Multiple Alignment Exercise

 

 

We are going to make some multiple alignments of DNA and protein sequences and examine them with some alignment editors and display tools.

 

There are several ways to build a set of sequences for a multiple alignment project. Obviously, you can acquire them experimentally, by some form of cloning and sequencing – perhaps across various species and strains, or from environmental or medical samples. Alternately, you can search a database by keywords and/or accession numbers to find existing data for known genes/proteins/loci.  Or you can use sequence similarity searching to scan a database for all sequences that match a query sequence – but care must be taken in your choice of database in order to acquire an appropriate number and range of sequences.

 

1)   Use the command line tools built into EMBOSS

a.     log into your account on genetraffic.med.nyu.edu

b.     make a new sub-directory for this exercise and cd into it

c.      use   seqret   to retrieve opsin-2 proteins from the Swissprot database
   type:   showdb    to get a list of available databases and the names to use  to access them
   type:    seqret   
             then when it prompts you for  sequences, type   swall:ops2_*
(the ÒswallÓ is a combined Swissprot+TREMBL database, the Òops2_* Ò is a wildcard for all genes with ops2 in their locus names)
give a filename for the FASTA file that will contain your set of opsin sequences

d.     view your opsin sequences with more or emacs

e.     now use emma to access CLUSTALW for multiple alignment, input your fasta file

 

2)   Use plotcon to define the regions of high and low similarity across the alignment

http://emboss.bioinformatics.nl/cgi-bin/emboss/plotcon

 

3)   Use showalign to create a consensus sequence, and only print those amino acids that differ from the consensus.

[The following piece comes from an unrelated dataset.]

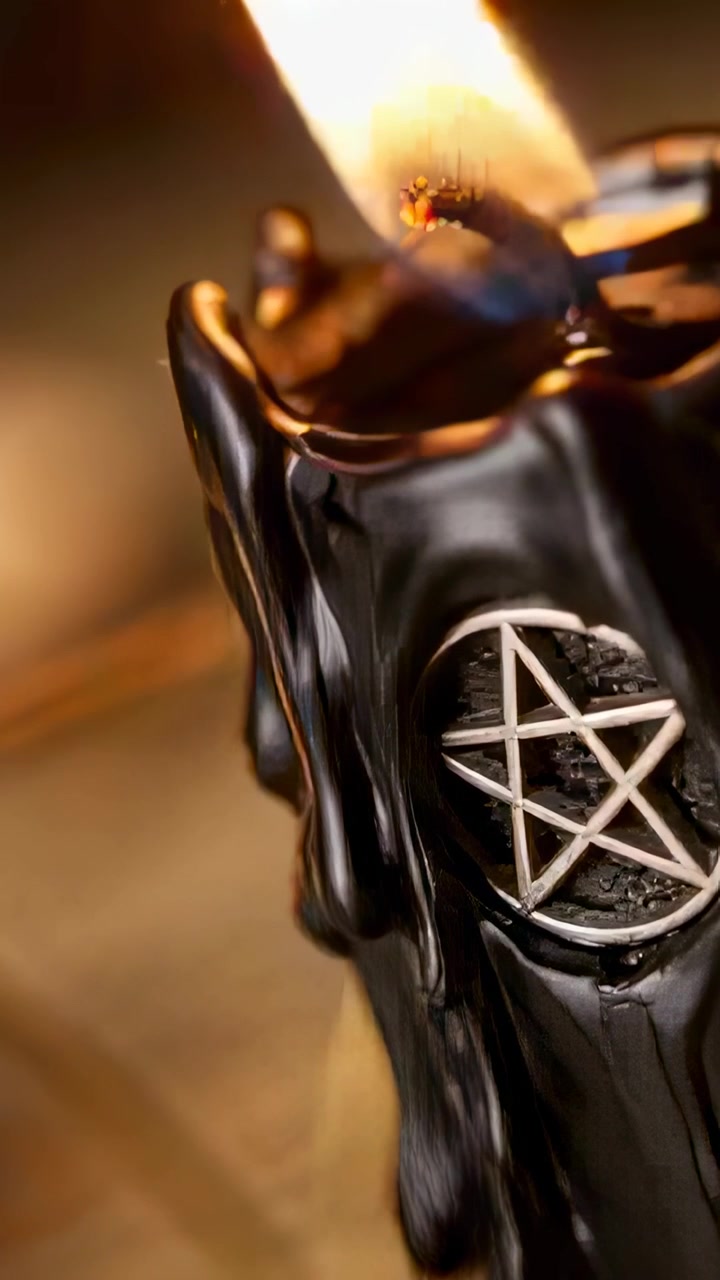 Vertikal video: Flakkende svart vokslys med pentagram-anheng, tent veke smelter i nærbilde, med plass til tekst.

http://emboss.bioinformatics.nl/cgi-bin/emboss/showalign

 

4)   Lets repeat this process using a new set of sequences selected by making a BLAST search of GenBank

 

Have a look at this paper:
A multigene family on human chromosome 12 encodes natural killer-cell lectins.

Yabe T, McSherry C, Bach FH, Fisch P, Schall RP, Sondel PM, Houchins JP.
Immunogenetics. 1993;37(6):455-60..

 

In the article (from 1993), they refer to 4 genes on human chromosome 12 NKG2-A, B, C, and D. You will quickly find that GenBank does not follow this naming scheme. Instead, you will discover a much larger number of KLR genes A-G with additional C1, C2, C3, C4 isoforms as well as a bunch of CLEC genes.  Study this region of ch12 on the UCSC Genome Browser. How many genes are in this multi-gene family?

 

[I can imagine a really nice phylogenetics project using all of the genes in this locus from several mammals and other vertebrates to try to determine when the various gene duplications occurred.]

 

Lets start with NKG2-D (NP_031386). Use this as the query for a BLAST search against the RefSeq protein database, and limit to human. Choose the top 10 matching sequences and Display them in FASTA format and Send to a text file on your desktop.

 

Paste this file into the EBI ClustalW server and save the alignment as a text file.

http://www.ebi.ac.uk/Tools/es/cgi-bin/clustalw2/

 

This alignment shows a very nice distribution of conserved and variable regions.

 

5)   Now take your aligned sequences and paste into the Boxshade server to highlight the conserved and variable regions.

http://www.ch.embnet.org/cgi-bin/BOX_form_parser      or

http://mobyle.pasteur.fr/cgi-bin/MobylePortal/portal.py?form=boxshade

 

6)   Grab one highly conserved region from the original Clustal alignment (about 20 amino acids wide), and paste into the web logo server (result should be a thing of beauty).

http://weblogo.berkeley.edu/logo.cgi

 

Send me your showalign result for the  opsin sequences and the weblogo for the lectins.